Me llena de sorpresa que RENFE esté decidida a pintar el
exterior de los trenes con anuncios publicitarios. Hombre, esas cosas quedaban
bien en los tranvías y los trolebuses con aquellos anuncios de Anís del Mono, Espuma Saquito o Calisay
cuando los tranvías eran de balconcillo y los trolebuses perdían el trole en
cada curva. A la velocidad que circulaban, podían leerse sin dificultad. Pero
en el caso de los trenes de alta velocidad la cosa cambia. Circulan con tal celeridad
que resulta imposible poder contemplar cualquier soporte publicitario desde un
páramo, salvo en los andenes de las estaciones en las que se detiene. Todo es
empezar. Se empieza poniendo publicidad en los vagones de tren y se puede
continuar en los trajes de torero (ya Luis
Reina, el diestro de Almendralejo, lo hizo a mediados de los años 80 sin
demasiado éxito. Concretamente en Plasencia, en agosto de 1987, con un terno
azul y oro, en cuyas mangas figuraba el nombre de la marca de electrodomésticos
japoneses Akai. Y antes, en los sanfermines
de 1978, un espontáneo se tiró al ruedo de Pamplona y dio pases con una muleta
en la que se leía: Amnistía/libertad),
en las casullas de oficiar misa, en las togas de los magistrados, en los trajes
espaciales, en las mitras obispales y en los cascos de bombero. Todo es
cuestión de tener un buen sponsor. La publicidad es la cara amable del
neoliberalismo.
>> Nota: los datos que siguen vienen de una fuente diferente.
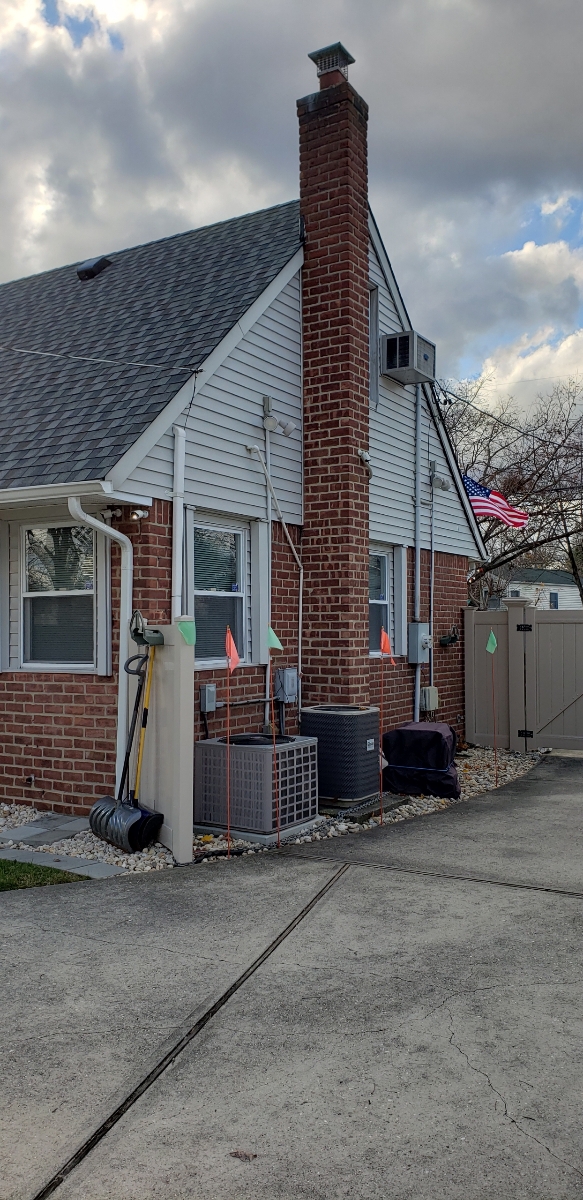 Professional chimney repointing restoring brick joints in Massapequa, NY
Interesa vender muchos teléfonos móviles pero jamás enseñar la
esclavitud de los niños en busca del coltán,
clave para la fabricación de componentes electrónicos y responsable de la
guerra que sufre la República Democrática
del Congo. Interesa vender mucha ropa de
Zara, pero nunca se habla de los
sueldos miserables que se pagan en países lejanos por confeccionar la ropa que
más tarde se luce en los escaparates de París o Londres, o en la neoyorquina
Quinta Avenida, o sea. A mi entender, el Ministerio de Fomento no debería
participar en ese triste juego. La ministra Pastor sabe de lo que hablo.